Under the Company’s Guarantee and Peace of Mind warranty programs, the Company may be liable for certain interest, penalties and/or additional taxes due. The Company is effectively self-insured related to these risks and claims made in excess of self-insurance levels are fully insured by a third-party carrier.

In the regular course of business, the Company is subject to routine examinations by Federal, state and local taxing authorities. In management’s opinion, the disposition of matters raised by such taxing authorities, if any, in such tax examinations would not have a material adverse impact on the Company’s consolidated financial position or results of operations.

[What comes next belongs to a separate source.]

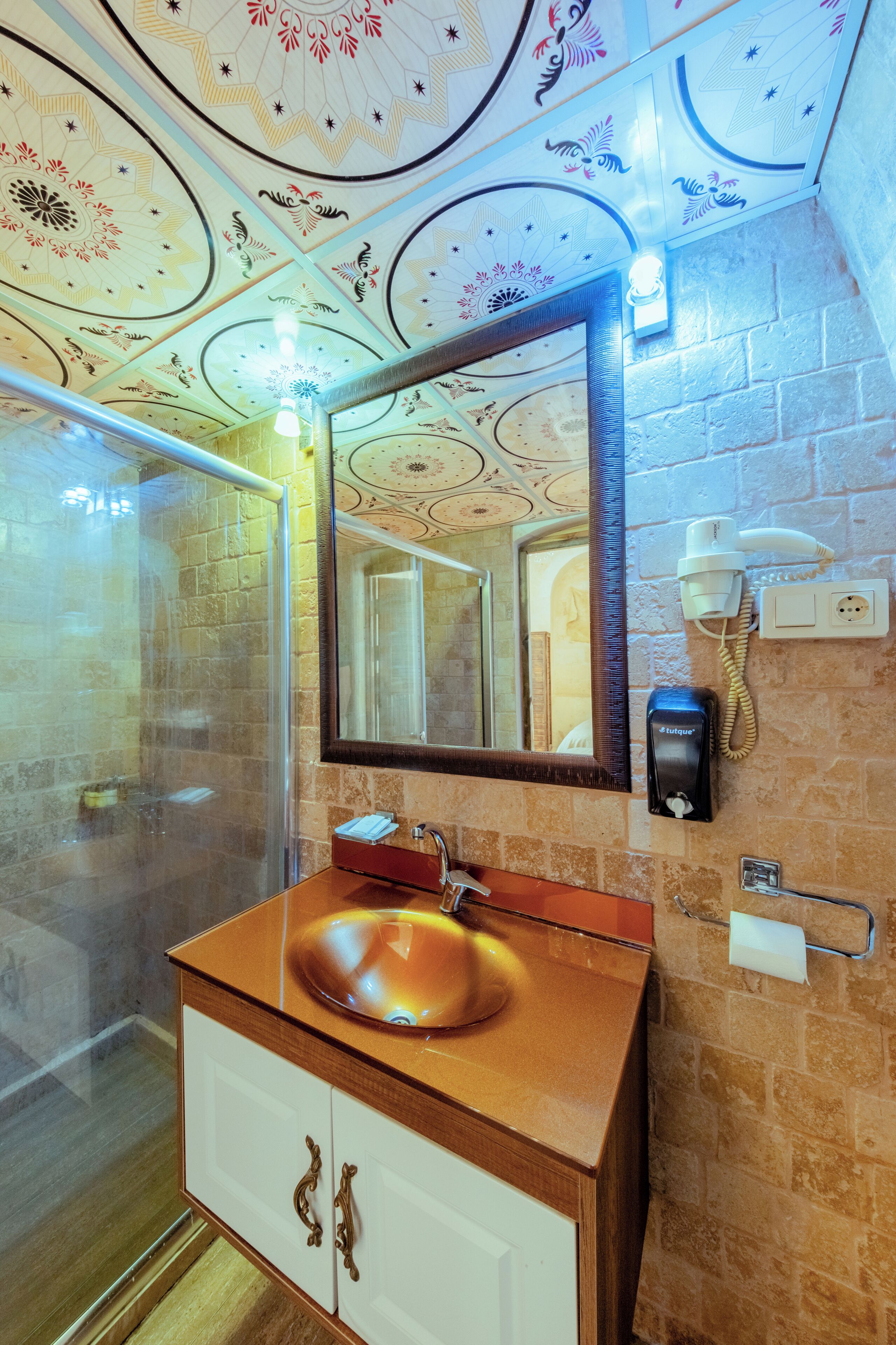 standard triple room | bathroom | shower, hydromassage showerhead, free toiletries, hair dryer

CompuServe, certain current and former officers and directors of CompuServe and the Company were named as defendants in six lawsuits pending before the state and Federal courts in Columbus, Ohio. All suits alleged similar violations of the Securities Act of 1933 based on assertions of omissions and misstatements of fact in connection with CompuServe’s public filings related to its initial public offering in April 1996. One state lawsuit brought by the Florida State Board of Administration also alleged certain oral omissions and misstatements in connection with such offering. Relief sought in the lawsuits was unspecified, but included pleas for rescission and damages.

In the class action pending in state court, the court issued, in November 2000 its order approving the settlement pursuant to which the defendants agreed to pay a gross settlement amount of $9,500. Payment of plaintiffs’ attorneys’ fees and expenses were to be paid out of the gross settlement fund. The gross settlement fund was paid in its entirety by the Company’s insurance carrier. The agreement to settle and payment of the gross settlement fund are not admissions of the validity of any claim or any fact alleged by the plaintiffs and defendants continue to deny any wrongdoing and any liability.

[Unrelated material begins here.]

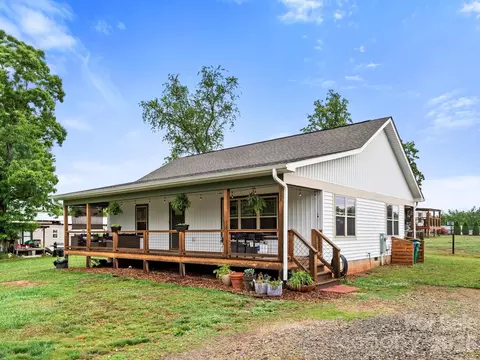 108 Split Rail Drive Ext, Asheville, NC 28806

The Florida State Board of Administration opted out of the class action settlement and that litigation continued separately from the state court class action. The parties reached a settlement that disposed of the case in its entirety with the payment by the defendants of $500. Such settlement was paid in its entirety by the Company’s insurance carrier and is not an admission of the validity of any claim or fact alleged by the Florida State Board of Administration. With this settlement, the CompuServe litigation relating to the 1996 initial public offering is concluded.

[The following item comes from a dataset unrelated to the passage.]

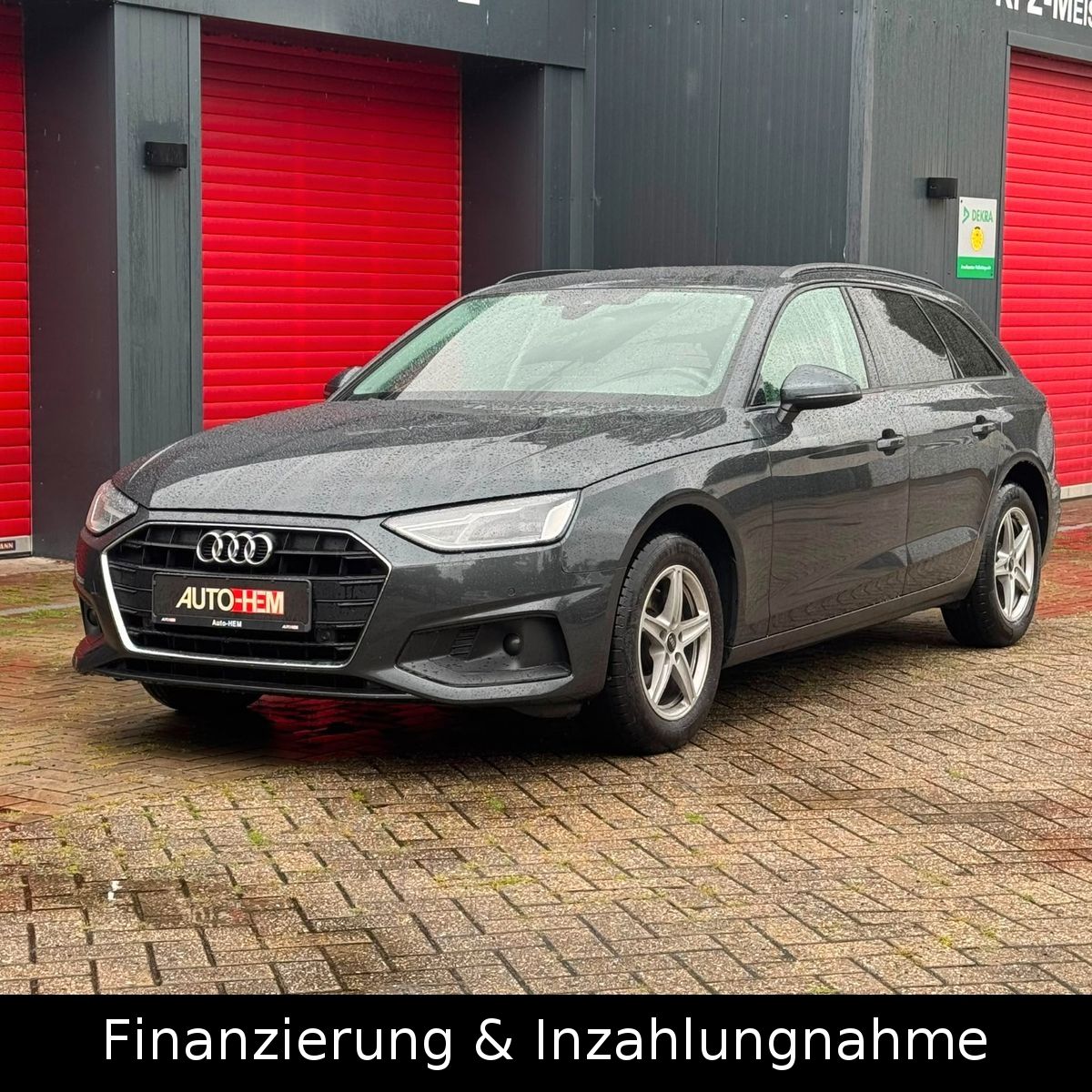 Audi A4 - 1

The Company is exposed to on-balance sheet credit risk related to its receivables. Mortgage loans made to subprime borrowers present a higher level of risk of default than conforming loans. These loans also involve additional liquidity risk due to a more limited secondary market than for conforming loans. While the Company believes that the underwriting procedures and appraisal processes it employs enable it to mitigate these risks, no assurance can be given that such procedures or processes will be adequate protection against these risks. The Company is exposed to off-balance sheet credit risk related to mortgage loan receivables which the Company has committed to fund.